“I’m not sure what power juice has to do with anything.”
Keith tilted his head, and said, “You know, the whole thing where power juice became illegal, making us all technically criminals? Plus, you remember Logan at our prom. He was a total druggie, and then he got into power juice and tried to eat the school.”
I shook my head. “Not an issue. I don’t have any powers, and it wasn’t illegal back then. All this amounts to is secret identities. To continue to have one, I have to keep mine secret. I haven’t told anyone who I am who hasn’t figured it out first. You didn’t figure it out, so I could avoid telling you.”
Keith nodded, straightening his back, and unclenching his fists. “I think I get that. You don’t stay secret if you tell people. That’s not an option for us.”
I looked him over, and then I thought of Zoey. “Oh. Right. I can see where Zoey’d have a hard time blending in.”
Keith glanced back toward Zoey, and then back to me. “It’s not so bad during the day, but at night it’s impossible to mistake her for someone without powers. It was the same for her mom. Of course, I’ve never met her mom. She died a few years back. She was fighting the Grey Giant.”
At that moment my brain made a few connections–light powers to Grey Giant to…
“Her mom was Lightweaver?” The name escaped my mouth as I noticed Zoey leaving the group behind us and moving in our direction.
Keith gave a start. “Wow. You know everybody’s names. I never understood how you knew them so well before.”
I shrugged. “I did play with the children and grandchildren of a lot of my grandfather’s friends, but honestly, your average capewatcher knows about as many names as I do. Mostly though, he doesn’t know them personally. You should meet my roommate from last year.

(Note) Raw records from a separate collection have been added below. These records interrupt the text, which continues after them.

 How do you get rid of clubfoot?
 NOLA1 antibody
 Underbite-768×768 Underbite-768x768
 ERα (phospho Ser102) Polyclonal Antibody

He knows everybody–including a few things most capes don’t.”
Of course, Jeremy also believed in a pile of conspiracy theories that made pretty much zero sense. Only knowing my secret had pulled him out of that orbit.
It made me wonder if our secrets made things worse for society as a whole. On some level normal people had to notice that they weren’t being let in on the whole truth.
Did that make it our fault if they replaced our lies with even more bizarre lies of their own?
Zoey’s voice broke into my thoughts. She’d taken Keith’s hand, and said, “I hated them for a long time after my Mom died.”
“Yeah?” Keith’s voice quavered as he asked the question.
Zoey picked up a piece of spanakopita from the table, and ate it. “They never left us alone.”
Her arm’s movement left golden lines in the air. “We didn’t live in a compound, but our neighborhood was mostly capes. When my mom died people camped out on our lawn. Some of them even waited outside my school to tell my brothers and I how they grieved with us.”
She shook her head. “They didn’t grieve with us. They didn’t know us, or her. For them it was all codenames and costumes and fights on television.”
As she stopped, I realized that Haley joined us too–and not just her. Gifford, Hunter, Adam, Camille, and Courtney had all crowded around us.
That was a good thing. It meant that Zoey’s glow might be better hidden.
“It sounds awful,” Haley said. She stood next to me.
Zoey folded her arms across her chest. “It was, but most of them left after a few days.”
For a moment she didn’t say anything, but then she burst out with, “I’m awful. Now you all think I’m some kind of drama queen.”
“No,” Haley said, “if you want to talk about it, you should.”
“I think I’ll save it for our group therapy sessions.”
Keith raised an eyebrow. “Do we have group therapy sessions?”
Nodding, Haley said, “They start next week.”
“What a waste,” Gifford muttered.
Zoey opened her mouth as if she were about to say something, but she didn’t.
Courtney said, “The way I heard it, it’s a way to get people to start thinking about why they’re doing this. I think it might be more focused on working with PTSD for people who fought against the aliens this spring.”
“What you get out of it depends on what you bring into it,” Adam broke in from the edges of the group. “Trust me on this one.”
“Hey,” Camille had turned away from the group, and was looking out the windows toward the crowd and the band below us. “We’re at a club. Let’s go downstairs.”
It didn’t take long before the group followed her.
* * *
I didn’t like dancing. Haley did. Don’t get me wrong. I liked some things about dancing. The slower dances gave Haley and I excuses to hold each other, but that only barely compensated for feeling awkward for three hours.
Knowing that, it’s not surprising that I was looking around the crowded building.
It’s equally unsurprising that I noticed a man off to the edges of the dance floor taking pictures of the crowd.